A Year of Helping Customers Build Production-Ready Kubernetes Infrastructure
Posted on
Today we announced Pulumi Crosswalk for Kubernetes, a collection of open source tools, libraries, and playbooks to help developers and operators work together to bring Kubernetes into their organizations. They capture the lessons we learned this past year working with organizations to go from zero to Kubernetes in production for their infrastructure and application workloads. By releasing these as open source, we hope to help everybody be more successful with their Kubernetes projects — as we have learned through experience, it isn’t easy going!
If you want to dive straight in, browse to the documentation. Below is the backstory and why we’re so excited about this release.

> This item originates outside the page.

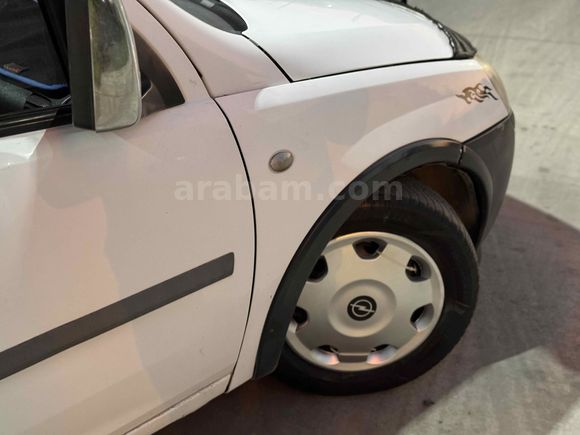 Galeriden Opel Combo 1.7 DTI Comfort 2003 Model Osmaniye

Applying infrastructure as code to Kubernetes
A little over a year ago, we launched support for managing Kubernetes resources using Pulumi’s open source infrastructure as code tools. The entire Kubernetes object model across all supported versions is available in your language of choice — including JavaScript, TypeScript, and Python — in addition to the entire ecosystem of Helm Charts. This offers 100% API resource compatibility, and same-day support for newly released Kubernetes versions.
By leveraging general purpose languages, you get rich capabilities like for loops, functions, and classes, the ability to share and reuse best practices — eliminating copy and paste — as well as access to your favorite tools, including editors, test frameworks, and static analysis tools.
This is exciting for any of us who have struggled with “walls of YAML or JSON” — but this alone isn’t the whole story.
A unified approach to infrastructure as code delivers a robust delivery workflow, and enables managing configuration across not only just Kubernetes resources, but also any of the cluster’s underlying public or private cloud infrastructure, including AWS, Azure, Google Cloud, vSphere, and others.
At the time, we didn’t realize how powerful this unified approach would turn out to be. For instance, properly provisioning an Amazon EKS cluster requires not only orchestrating deployments across AWS, but also going back and forth with Kubernetes resources. We designed Pulumi to let you do this using a single consistent platform and workflow, replacing the “mountains of Bash” that are typically required to integrate multiple tools.
This was an exciting foundation to start from, and we had a number of end users and organizations who soon came to our doors to adopt Kubernetes, with our help.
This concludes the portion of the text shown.